Senior medical leaders have reacted with frustration to news that the Government will once again delay long-promised plans to reform the GMC.

Legislation to reshape the GMC had been expected this year, but will now not take place until 2024-25.

The Medical Defence Union (MDU) has co-ordinated a letter to Health Secretary Steve Barclay, signed by representatives of doctors’ trade unions and medical royal colleges. 

The letter’s signatories include the MDU, the BMA, the Royal College of Anaesthetists and the Royal College of Obstetricians and Gynaecologists. 

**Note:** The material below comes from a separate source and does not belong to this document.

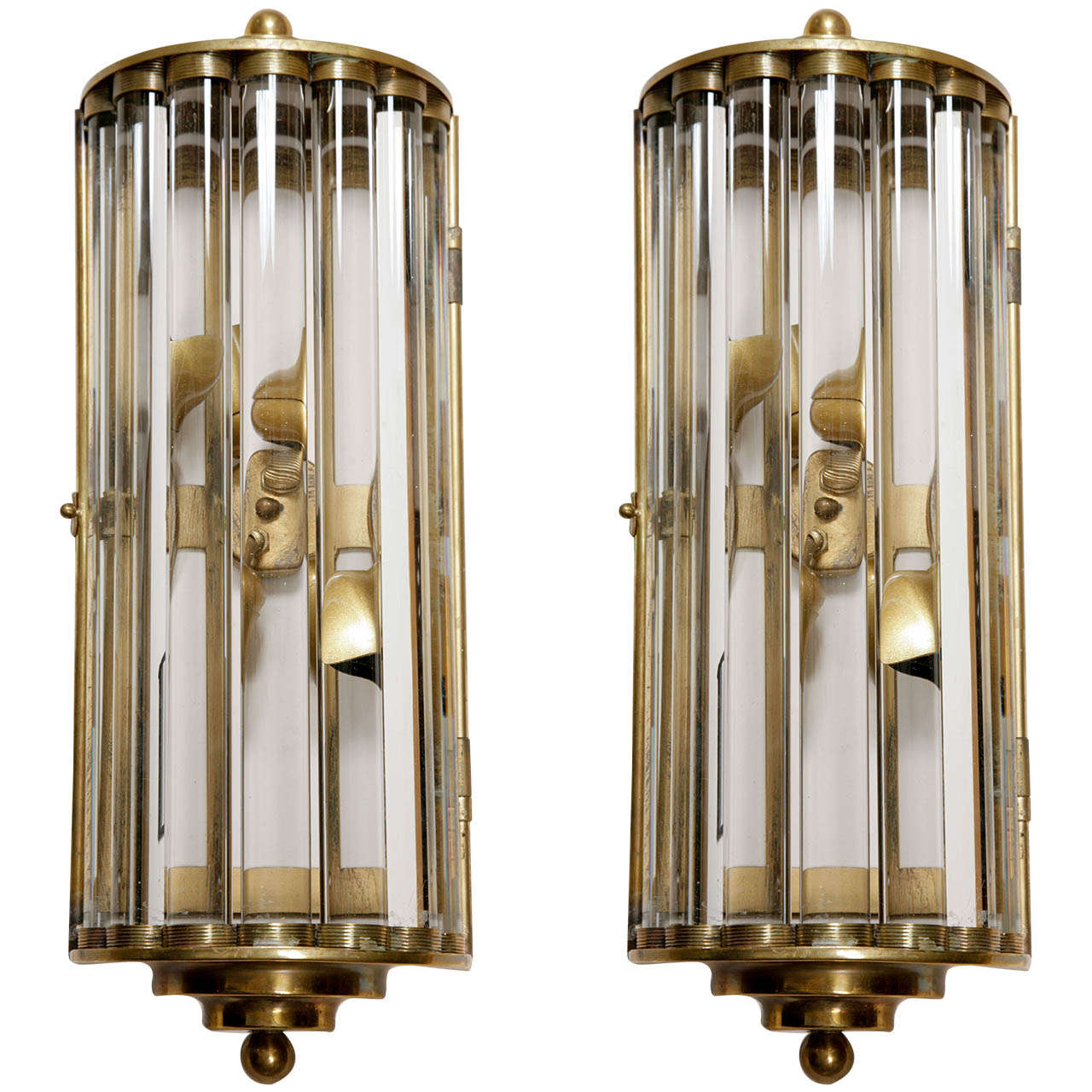 Italian brass and crystal bar wall lights at 1stDibs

In urging the Government to reconsider the timetable for reform, the medical leaders said that doctors would see a failure to reform their regulator this year as a broken promise.

Legislation to bring physician associates (PAs) and anaesthesia associates (AAs) into statutory regulation regime will happen in 2023 – meaning these professionals will be regulated differently by the GMC, with a much more modern regulatory regime.

Dr Matthew Lee

MDU chief executive Dr Matthew Lee said: ‘The news that the Government has shelved long-awaited reforms of the GMC until 2024-25 is disappointing, frustrating and surprising. Doctors across the UK have waited a long time to see their regulator reformed. This was promised for this year and it is a promise that must be honoured. 

‘A fitness-to-practise process is one of the most stressful experiences a doctor can have in their career, and current legislation is crying out for change.’

He said doctors deserved a fitness-to-practise process that was modern, proportionate, timely and, above all, fair. But, currently, the GMC was operating under outdated legislation that disadvantaged the profession, patients and the GMC itself.

‘As my colleagues and I from across the healthcare community say in our letter to the Secretary of State, we all stand ready to work with the Department of Health and Social Care over the coming months to ensure the legislation can be published by the end of the year.

‘It is time to move forward and deliver an up-to-date regulatory system. Regulation needs to deliver for doctors, so they can deliver for patients.’

Prof Philip Banfield

BMA Council chairman Prof Philip Banfield said: ‘The proposed reforms would have reduced the adversarial and combative nature of the fitness-to-practise process that is so stressful and damaging to doctors, with no additional benefit to patient safety.’

He added: ‘Most importantly, the Government must not use this delay to further renege on its promise to remove the GMC’s right to appeal fitness-to-practise tribunal decisions – something it committed to in 2018 – and we once again demand that this is honoured now.

‘That the GMC still has this legal right, which it has repeatedly and unfairly deployed against doctors in the past, is a great source of anxiety for doctors, and only heightens the fear and mistrust they have in their regulator.’